As before, a secondary color family somewhere in England needs help. This time it’s the Greens, whose paterfamilias has gone off to fight in World War II and left his wife (Maggie Gyllenhaal) and children to tend after the family farm.
It takes a lot of guts try and turn the Blitz into the background for a charming children’s fable, but Thompson and director Susanna White do a decent enough job of it, moving the Greens far enough away from London to be able to avoid the reality of the war while still being able to use it for dramatic effect. In this case, that means shipping off a couple of family cousins Cyril (Eros Vlahos) and Celia (Rosie Taylor-Ritson) for some City Mouse-Country Mouse style conflict.

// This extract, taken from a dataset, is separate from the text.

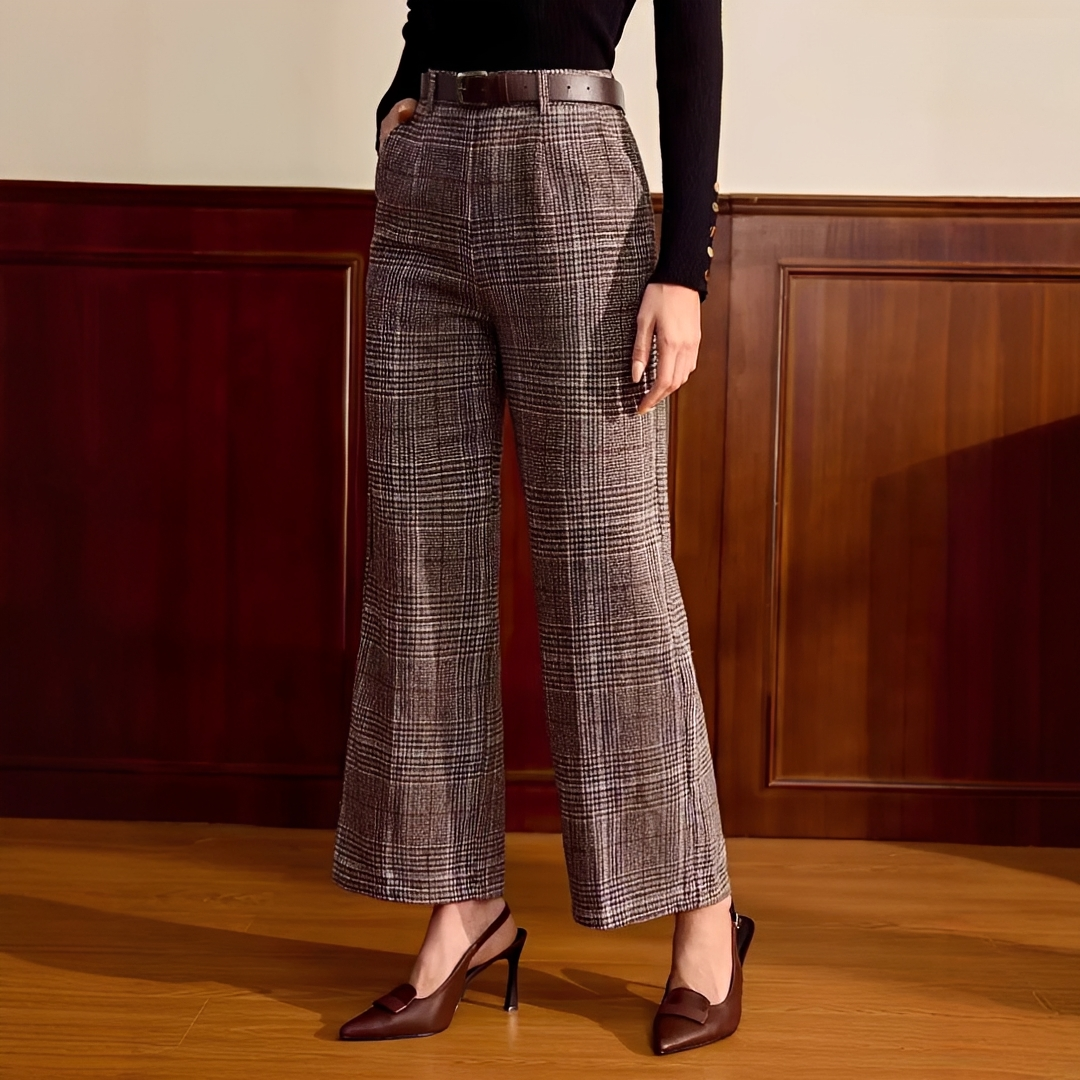 Christabel - Pantalones de Cuadros de Tiro Alto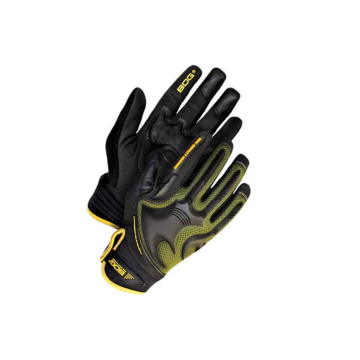 Leather Gloves, Mechanic, Black, Spandex, Synthetic Rubber Backing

The in-over-your-head nature of the family dilemmas, which require Nanny McPhee, was the best of the first film and is the best part of the sequel as well. Single mother Isabel, already at her wits’ end with three children who barely behave and miss their father, is pushed over the line with the early arrival of two more children who don’t want to be in the country in the first place. Throw in a brother-in-law (Rhys Ifans) desperate for her to sell the family farm so that he can collect his share of the sale and you’d be calling for a magical nanny, too.
Unfortunately, that’s where “Nanny McPhee Returns” starts its slow but steady downhill journey.
Based on original story by Thompson this time out, the new version seems confused what exactly to do once it’s got its conflict set up. Initially reprising the magical lesson-teaching of the first film, the sequel gratifyingly moves to new ground rather than simply imitating the first to a tee. It would probably work better than it does if except that the new ground turns out to mean this Mary Poppins pastiche morphs into a Wizard of Oz pastiche, with the Emerald City becoming London and the Wizard himself turning into cousin Ceril’s estranged father (Ralph Fiennes).
There’s still a good moral about the rewards of good behavior tucked into a film filled with whimsy that will make children laugh and clap. Thompson has McPhee down to a tee and for the most part makes up for the overt silliness several of the other adult actors (notably Ifans) feel compelled to do. On the other hand, the closer it draws to a close, it becomes difficult to draw all of the pieces together and Thompson’s final solution pushes whimsy to the edge of silliness and a little beyond.
For any problems it has, “Nanny McPhee Returns” is enjoyable for a lot longer than it’s not, filled with class and charm that a lot of other children’s films reject as unpalatable. And when you’re talking about a film that spends a lot of time talking about animal droppings, that’s saying something.